=== Problem to solve ===
Please give, word for word, the line containing "Composizione Suola: 95% Gomma 5% TPU." and every line that comes after it in the data below.

= Beginning of Section =

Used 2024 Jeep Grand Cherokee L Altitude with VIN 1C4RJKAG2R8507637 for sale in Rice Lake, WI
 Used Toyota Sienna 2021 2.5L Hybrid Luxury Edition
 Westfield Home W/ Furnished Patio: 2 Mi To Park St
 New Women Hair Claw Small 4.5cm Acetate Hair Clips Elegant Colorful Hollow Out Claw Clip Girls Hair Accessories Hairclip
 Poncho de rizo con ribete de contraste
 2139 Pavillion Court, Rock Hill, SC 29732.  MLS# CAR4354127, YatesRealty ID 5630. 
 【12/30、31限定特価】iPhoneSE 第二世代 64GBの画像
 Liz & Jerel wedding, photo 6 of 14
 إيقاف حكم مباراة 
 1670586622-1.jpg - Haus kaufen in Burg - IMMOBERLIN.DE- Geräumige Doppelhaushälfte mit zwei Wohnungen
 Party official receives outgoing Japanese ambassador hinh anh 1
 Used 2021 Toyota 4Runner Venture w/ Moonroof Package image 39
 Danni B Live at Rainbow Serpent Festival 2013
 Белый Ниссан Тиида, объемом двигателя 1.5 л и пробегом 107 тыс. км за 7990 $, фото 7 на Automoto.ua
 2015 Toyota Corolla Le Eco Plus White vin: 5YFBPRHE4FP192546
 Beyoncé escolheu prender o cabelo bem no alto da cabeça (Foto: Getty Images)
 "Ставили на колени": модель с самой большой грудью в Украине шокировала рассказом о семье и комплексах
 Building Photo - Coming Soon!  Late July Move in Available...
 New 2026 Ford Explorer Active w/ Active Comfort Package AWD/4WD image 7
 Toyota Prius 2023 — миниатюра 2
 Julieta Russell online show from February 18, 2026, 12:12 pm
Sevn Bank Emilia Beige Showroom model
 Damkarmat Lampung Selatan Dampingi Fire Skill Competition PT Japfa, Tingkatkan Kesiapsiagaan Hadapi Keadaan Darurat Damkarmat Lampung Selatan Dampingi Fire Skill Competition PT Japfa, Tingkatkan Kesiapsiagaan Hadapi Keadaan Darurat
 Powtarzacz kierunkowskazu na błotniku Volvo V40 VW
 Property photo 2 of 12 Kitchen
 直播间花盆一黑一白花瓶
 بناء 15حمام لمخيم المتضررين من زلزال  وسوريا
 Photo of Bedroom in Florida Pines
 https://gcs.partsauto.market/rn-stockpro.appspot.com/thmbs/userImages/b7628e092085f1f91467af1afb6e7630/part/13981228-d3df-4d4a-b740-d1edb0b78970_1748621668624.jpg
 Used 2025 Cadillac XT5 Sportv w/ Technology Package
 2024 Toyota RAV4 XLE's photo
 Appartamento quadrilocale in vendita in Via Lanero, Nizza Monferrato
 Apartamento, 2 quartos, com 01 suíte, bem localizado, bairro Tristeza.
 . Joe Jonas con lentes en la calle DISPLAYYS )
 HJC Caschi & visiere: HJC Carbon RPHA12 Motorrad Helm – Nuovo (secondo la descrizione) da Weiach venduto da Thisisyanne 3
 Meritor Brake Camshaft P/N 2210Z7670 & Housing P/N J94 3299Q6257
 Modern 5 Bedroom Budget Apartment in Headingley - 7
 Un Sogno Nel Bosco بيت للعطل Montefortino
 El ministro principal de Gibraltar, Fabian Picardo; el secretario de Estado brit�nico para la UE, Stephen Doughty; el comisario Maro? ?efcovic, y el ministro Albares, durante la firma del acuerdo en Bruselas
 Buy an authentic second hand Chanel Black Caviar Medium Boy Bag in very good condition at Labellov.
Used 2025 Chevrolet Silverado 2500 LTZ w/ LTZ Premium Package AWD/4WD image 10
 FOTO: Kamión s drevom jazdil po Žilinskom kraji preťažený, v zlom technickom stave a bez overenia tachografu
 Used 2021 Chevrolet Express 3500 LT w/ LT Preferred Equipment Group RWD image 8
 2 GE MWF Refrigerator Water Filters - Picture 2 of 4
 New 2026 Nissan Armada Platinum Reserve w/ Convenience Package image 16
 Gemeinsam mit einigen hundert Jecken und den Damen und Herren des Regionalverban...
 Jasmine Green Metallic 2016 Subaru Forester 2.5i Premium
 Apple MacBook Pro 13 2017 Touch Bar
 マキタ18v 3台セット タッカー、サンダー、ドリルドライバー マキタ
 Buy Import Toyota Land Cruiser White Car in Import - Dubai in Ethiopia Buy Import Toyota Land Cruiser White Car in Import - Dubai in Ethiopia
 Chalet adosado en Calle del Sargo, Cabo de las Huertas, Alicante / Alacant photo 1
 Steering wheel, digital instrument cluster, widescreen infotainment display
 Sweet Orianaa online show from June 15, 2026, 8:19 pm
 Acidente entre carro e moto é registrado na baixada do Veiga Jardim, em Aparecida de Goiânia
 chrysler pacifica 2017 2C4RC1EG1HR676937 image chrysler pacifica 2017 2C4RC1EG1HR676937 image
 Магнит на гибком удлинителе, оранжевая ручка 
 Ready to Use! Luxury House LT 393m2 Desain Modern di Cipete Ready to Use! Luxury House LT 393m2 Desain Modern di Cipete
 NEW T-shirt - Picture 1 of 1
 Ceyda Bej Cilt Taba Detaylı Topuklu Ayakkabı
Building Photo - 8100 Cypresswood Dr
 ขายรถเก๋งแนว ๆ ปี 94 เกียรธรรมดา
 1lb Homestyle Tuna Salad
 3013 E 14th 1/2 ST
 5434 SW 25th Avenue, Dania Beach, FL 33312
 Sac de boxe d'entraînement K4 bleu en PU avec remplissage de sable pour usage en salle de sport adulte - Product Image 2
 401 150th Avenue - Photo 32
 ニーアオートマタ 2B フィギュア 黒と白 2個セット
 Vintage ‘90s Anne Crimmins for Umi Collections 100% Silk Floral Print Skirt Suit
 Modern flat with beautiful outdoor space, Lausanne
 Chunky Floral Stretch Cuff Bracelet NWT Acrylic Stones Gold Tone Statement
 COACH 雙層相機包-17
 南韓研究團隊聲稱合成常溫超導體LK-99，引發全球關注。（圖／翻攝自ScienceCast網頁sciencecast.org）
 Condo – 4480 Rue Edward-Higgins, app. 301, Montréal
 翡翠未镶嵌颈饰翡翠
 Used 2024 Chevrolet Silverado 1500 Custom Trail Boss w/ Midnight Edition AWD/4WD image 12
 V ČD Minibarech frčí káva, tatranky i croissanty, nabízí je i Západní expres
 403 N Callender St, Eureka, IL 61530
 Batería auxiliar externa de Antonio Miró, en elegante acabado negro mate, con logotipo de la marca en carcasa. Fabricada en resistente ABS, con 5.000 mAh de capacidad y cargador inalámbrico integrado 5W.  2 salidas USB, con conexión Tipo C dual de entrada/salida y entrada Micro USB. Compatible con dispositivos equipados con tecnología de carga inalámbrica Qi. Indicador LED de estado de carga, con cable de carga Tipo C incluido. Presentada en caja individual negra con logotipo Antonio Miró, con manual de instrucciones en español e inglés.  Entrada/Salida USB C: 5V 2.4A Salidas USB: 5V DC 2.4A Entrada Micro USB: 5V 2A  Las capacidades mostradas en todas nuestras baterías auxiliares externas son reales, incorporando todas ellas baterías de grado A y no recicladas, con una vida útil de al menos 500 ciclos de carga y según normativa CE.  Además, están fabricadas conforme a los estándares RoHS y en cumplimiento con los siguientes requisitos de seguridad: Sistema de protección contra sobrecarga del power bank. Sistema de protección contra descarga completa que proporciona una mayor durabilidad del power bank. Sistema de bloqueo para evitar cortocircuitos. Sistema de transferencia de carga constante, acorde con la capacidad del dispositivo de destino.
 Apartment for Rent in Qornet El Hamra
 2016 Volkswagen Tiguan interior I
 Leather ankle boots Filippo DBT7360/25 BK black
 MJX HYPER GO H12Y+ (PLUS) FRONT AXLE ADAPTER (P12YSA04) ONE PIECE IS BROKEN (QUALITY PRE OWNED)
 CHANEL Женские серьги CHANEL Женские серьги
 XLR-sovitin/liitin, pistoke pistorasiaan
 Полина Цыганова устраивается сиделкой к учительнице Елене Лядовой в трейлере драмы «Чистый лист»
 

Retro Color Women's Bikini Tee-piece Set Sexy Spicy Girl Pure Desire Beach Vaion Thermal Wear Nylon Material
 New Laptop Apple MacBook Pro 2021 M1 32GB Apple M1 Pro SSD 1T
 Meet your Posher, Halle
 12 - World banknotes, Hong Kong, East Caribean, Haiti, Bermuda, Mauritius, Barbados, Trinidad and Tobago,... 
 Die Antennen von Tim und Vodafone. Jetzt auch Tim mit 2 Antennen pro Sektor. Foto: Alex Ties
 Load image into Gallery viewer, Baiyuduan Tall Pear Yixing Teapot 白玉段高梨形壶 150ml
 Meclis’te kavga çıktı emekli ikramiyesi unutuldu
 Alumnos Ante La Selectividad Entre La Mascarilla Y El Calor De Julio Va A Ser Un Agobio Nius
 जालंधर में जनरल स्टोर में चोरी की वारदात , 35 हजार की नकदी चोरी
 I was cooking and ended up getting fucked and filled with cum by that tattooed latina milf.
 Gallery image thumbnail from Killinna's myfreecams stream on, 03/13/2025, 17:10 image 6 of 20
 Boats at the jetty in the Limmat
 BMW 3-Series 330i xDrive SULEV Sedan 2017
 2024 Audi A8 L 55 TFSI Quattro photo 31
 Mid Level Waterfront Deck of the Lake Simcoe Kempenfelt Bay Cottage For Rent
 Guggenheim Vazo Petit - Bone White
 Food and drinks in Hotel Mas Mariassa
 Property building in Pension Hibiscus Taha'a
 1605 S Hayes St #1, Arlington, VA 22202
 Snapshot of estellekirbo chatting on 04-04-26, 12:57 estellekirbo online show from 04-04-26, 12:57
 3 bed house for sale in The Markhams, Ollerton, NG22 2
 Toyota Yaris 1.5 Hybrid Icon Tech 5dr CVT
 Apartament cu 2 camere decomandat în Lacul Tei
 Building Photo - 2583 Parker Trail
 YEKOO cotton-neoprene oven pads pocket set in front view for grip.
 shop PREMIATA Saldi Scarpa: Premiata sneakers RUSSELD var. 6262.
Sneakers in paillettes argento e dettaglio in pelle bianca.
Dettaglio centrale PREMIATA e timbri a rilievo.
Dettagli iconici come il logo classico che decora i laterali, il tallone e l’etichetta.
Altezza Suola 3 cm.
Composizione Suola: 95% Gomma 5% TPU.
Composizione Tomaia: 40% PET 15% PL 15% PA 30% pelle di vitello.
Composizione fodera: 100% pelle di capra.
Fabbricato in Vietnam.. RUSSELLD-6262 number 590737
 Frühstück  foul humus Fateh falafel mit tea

= End of Section =

=== Your solution ===
Composizione Suola: 95% Gomma 5% TPU.
Composizione Tomaia: 40% PET 15% PL 15% PA 30% pelle di vitello.
Composizione fodera: 100% pelle di capra.
Fabbricato in Vietnam.. RUSSELLD-6262 number 590737
 Frühstück  foul humus Fateh falafel mit tea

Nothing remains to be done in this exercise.